Instead, the Commission has taken the DMA’s key principles – ‘contestability’ and ‘fairness’ – and quickly required compliance with a series of broadly designed obligations. ‘This is a very different approach to the bespoke model that will soon prevail in the UK,’ explains Alexiadis.
Andrew Ward is Publications Officer for the IBA Antitrust Section and a partner at Spanish firm Gomez-Acebo & Pombo. He compares the speed with which the Commission has released its findings – and how quickly it expects the digital platforms to respond – with investigations conducted before the DMA. ‘Famously, when it came to Google Shopping, something like six different iterations of the Google Shopping service came out during the Commission’s investigation,’ he says.

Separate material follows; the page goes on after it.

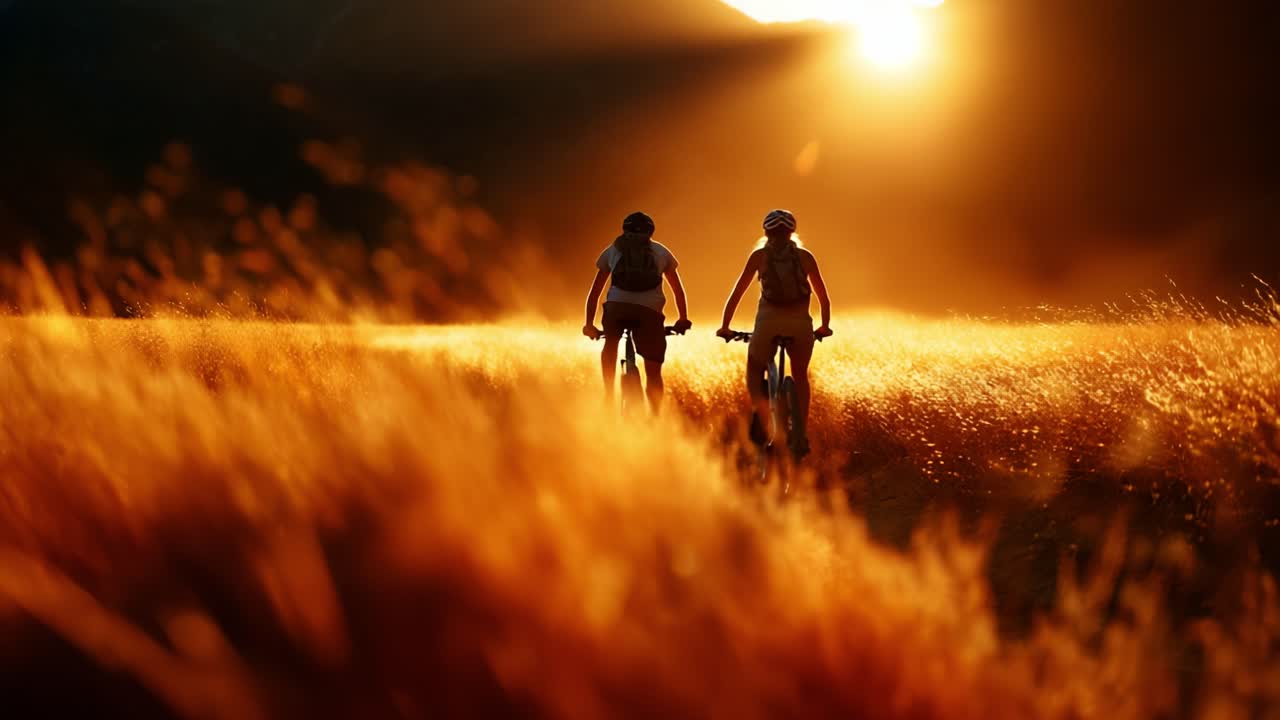 Two Cyclists Journeying Through a Golden Field at Sunset, Capturing the Essence of Adventure and Nature as They Travel Together, Embracing the Serene Beauty Around Them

But he worries that the Commission’s interventionism is forfeiting the DMA’s early potential to create a more collaborative relationship between regulators and Big Tech. ‘There’s a Spanish saying – “to a hammer, everything looks like a nail,”’ he says. ‘The Commission is a competition authority. Everything looks like an antitrust case.’ The compliance reports required of digital platforms under the DMA add up to a comprehensive and usefully ‘transversal’ view of the digital sector, he says. ‘But the Commission seems only to view these as a shortcut to a case.’
A spokesperson for the European Commission told Global Insight that gatekeeper compliance reports are an ‘important transparency tool, useful also for businesses and consumers who want to benefit from the opportunities opened by the DMA.’ The spokesperson adds that preliminary findings are ‘without prejudice to the outcome’ of any investigation. In defence, gatekeepers have the right to examine and respond to investigation documents. The Commission continues to be open to ‘constructive dialogue with gatekeepers’, even during enforcement action, says the spokesperson.
The Commission’s spokesperson also highlights that regulation and competition enforcement already coexist in sectors such as energy, telecoms and financial services. The DMA addresses unfair practices that fall outside of existing EU competition control rules or that haven’t ‘always been tackled in the most effective way,’ the spokesperson says, because of the ‘systemic nature of these behaviours’ as well as the ‘case-by-case nature of competition law.’
Standoffs may still lie ahead, with Apple now citing ‘regulatory uncertainties’ and ‘interoperability requirements’ under the DMA as a reason for delaying the release of AI features on EU iPhones. ‘The key players may well seek to exert pressure on the Commission to be less rigid in the way the gatekeeper rules are applied,’ says Julian Hamblin, Senior Vice-Chair of the IBA Technology Law Committee and a partner at Trethowans in the UK.
As the relationship between the European Commission and digital platforms evolves via the DMA, one inherent risk, says Alexiadis, is that ‘excessive regulatory intervention leads to lowest common denominator services being made available,’ with Big Tech seeking to avoid confrontations with the Commission by taking a conservative approach to product developments. It’s far too early to tell whether that is a realistic scenario. ‘Given the “prisoner’s dilemma” investment situation faced by most digital platforms, any such shortfall in innovation might not be a credible option,’ he says.
Ultimately, Simon Spangler believes the Commission will ‘try to make the DMA easier and more flexible – especially if they see gatekeepers avoiding business in Europe.’